* **Assigned task**
Search the listing below for the line with "Monster School Find Daddy - Screenshot 3", then write out that line and every one after it exactly, without the pictures.

•••

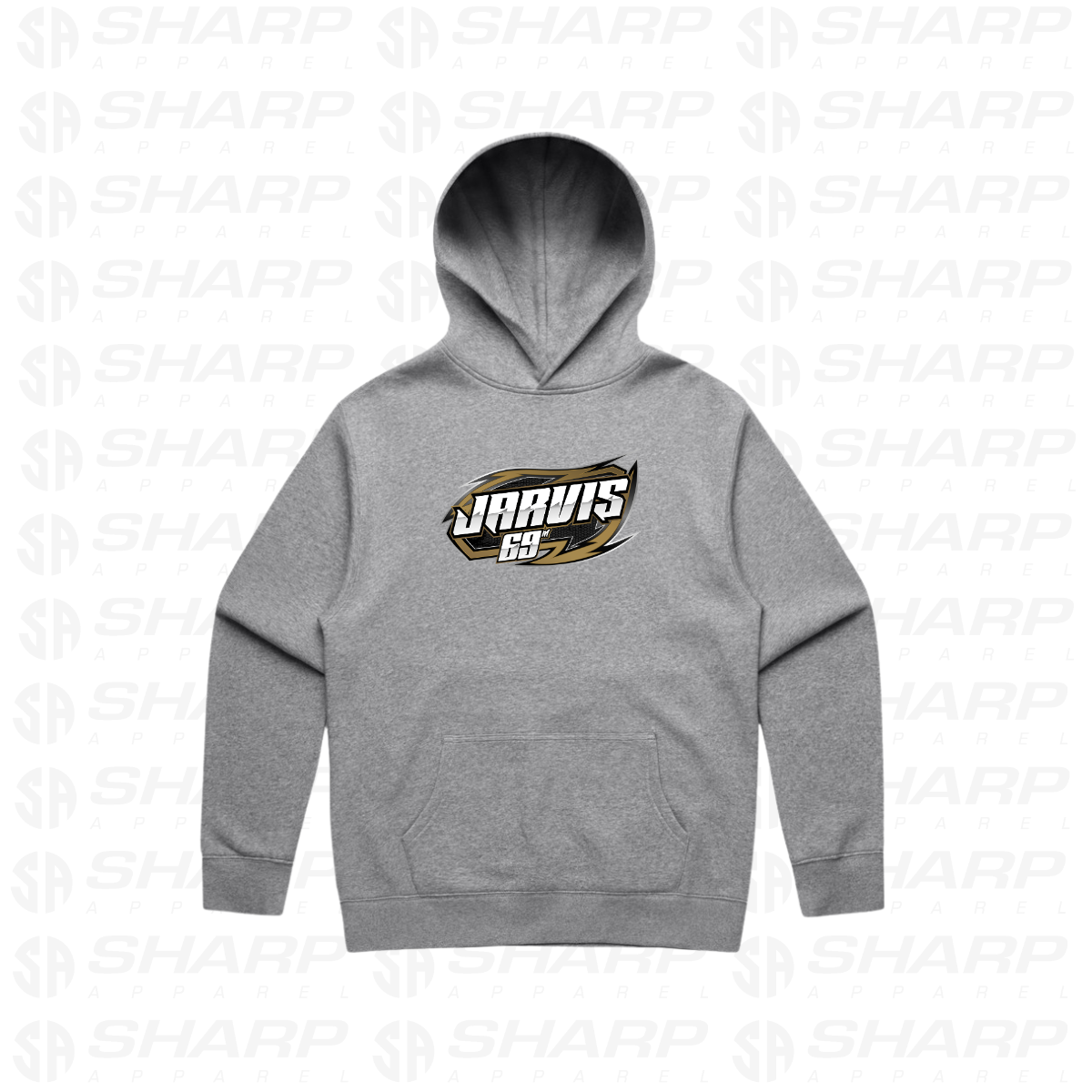 Jayden Jarvis Tanka - Kids Hoodie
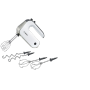 Bosch - Bosch MFQ 4835 DE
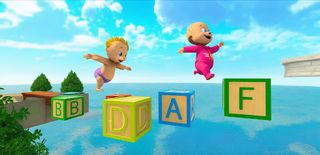 Monster School Find Daddy - Screenshot 3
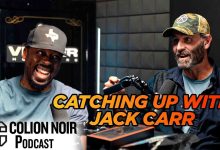 Jack Carr Reveals What Hollywood Gets Wrong About Guns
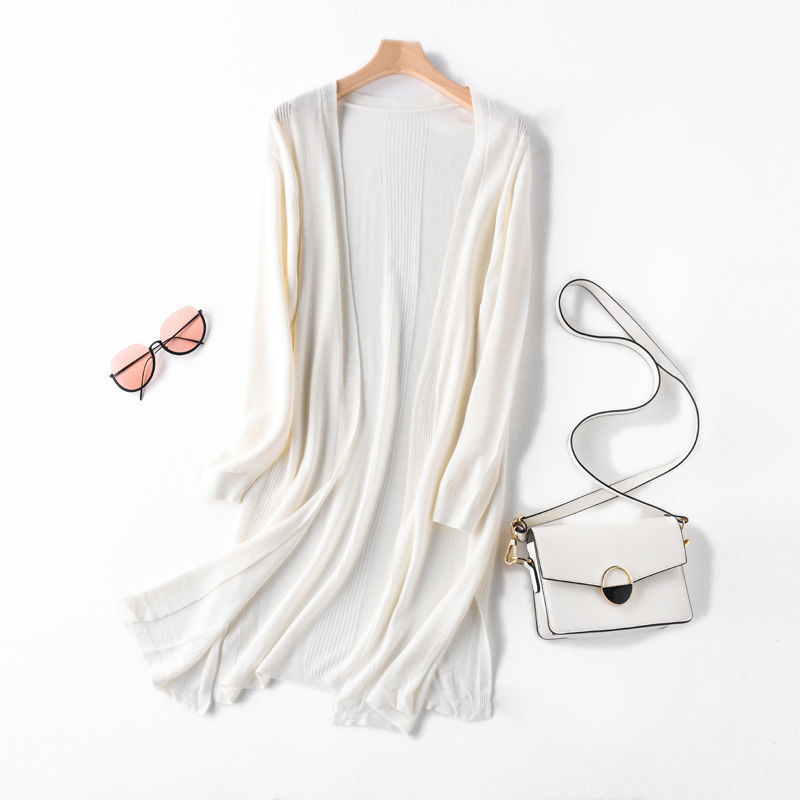 아이보리 [중간 길이]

•••

* **Exercise result**
 Monster School Find Daddy - Screenshot 3
 Jack Carr Reveals What Hollywood Gets Wrong About Guns
 아이보리 [중간 길이]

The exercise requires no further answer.